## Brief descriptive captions
##########
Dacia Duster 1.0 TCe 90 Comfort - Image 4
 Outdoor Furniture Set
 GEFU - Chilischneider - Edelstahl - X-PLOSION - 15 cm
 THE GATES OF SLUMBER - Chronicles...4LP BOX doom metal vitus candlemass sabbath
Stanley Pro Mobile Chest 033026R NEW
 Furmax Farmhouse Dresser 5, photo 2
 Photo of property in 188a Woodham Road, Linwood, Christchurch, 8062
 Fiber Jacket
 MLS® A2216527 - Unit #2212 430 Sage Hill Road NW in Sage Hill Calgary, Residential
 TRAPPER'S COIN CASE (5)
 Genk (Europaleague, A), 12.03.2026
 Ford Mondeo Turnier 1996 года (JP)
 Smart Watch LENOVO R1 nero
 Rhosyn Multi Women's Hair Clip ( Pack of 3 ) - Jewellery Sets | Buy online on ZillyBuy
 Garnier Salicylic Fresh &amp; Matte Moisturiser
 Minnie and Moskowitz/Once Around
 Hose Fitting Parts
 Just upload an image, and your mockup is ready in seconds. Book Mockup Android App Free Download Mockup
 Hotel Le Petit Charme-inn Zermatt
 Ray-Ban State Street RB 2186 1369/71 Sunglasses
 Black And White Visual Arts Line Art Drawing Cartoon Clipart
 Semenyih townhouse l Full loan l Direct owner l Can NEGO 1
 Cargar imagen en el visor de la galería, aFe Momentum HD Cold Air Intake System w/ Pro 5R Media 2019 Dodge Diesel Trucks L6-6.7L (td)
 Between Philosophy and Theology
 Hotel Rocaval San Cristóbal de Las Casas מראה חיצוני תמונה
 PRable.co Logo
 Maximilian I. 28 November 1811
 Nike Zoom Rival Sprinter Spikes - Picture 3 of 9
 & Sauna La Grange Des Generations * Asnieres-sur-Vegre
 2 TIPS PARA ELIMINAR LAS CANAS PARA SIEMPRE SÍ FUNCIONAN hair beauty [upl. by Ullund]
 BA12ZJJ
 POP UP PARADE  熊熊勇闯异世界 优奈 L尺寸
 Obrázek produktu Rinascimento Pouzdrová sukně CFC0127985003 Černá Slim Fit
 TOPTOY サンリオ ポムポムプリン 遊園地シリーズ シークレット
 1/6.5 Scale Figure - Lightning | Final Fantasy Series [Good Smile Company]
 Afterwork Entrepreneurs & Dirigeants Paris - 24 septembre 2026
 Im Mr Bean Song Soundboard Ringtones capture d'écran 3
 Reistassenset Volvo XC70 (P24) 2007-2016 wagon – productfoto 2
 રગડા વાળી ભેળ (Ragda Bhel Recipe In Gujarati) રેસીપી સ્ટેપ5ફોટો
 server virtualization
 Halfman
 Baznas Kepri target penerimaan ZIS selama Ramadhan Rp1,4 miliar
##########
Copy exactly the stretch of data above from the line with "Smart Watch LENOVO R1 nero" through the line with "Cargar imagen en", and omit all other lines.

## OUTPUT BELOW
 Smart Watch LENOVO R1 nero
 Rhosyn Multi Women's Hair Clip ( Pack of 3 ) - Jewellery Sets | Buy online on ZillyBuy
 Garnier Salicylic Fresh &amp; Matte Moisturiser
 Minnie and Moskowitz/Once Around
 Hose Fitting Parts
 Just upload an image, and your mockup is ready in seconds. Book Mockup Android App Free Download Mockup
 Hotel Le Petit Charme-inn Zermatt
 Ray-Ban State Street RB 2186 1369/71 Sunglasses
 Black And White Visual Arts Line Art Drawing Cartoon Clipart
 Semenyih townhouse l Full loan l Direct owner l Can NEGO 1
 Cargar imagen en el visor de la galería, aFe Momentum HD Cold Air Intake System w/ Pro 5R Media 2019 Dodge Diesel Trucks L6-6.7L (td)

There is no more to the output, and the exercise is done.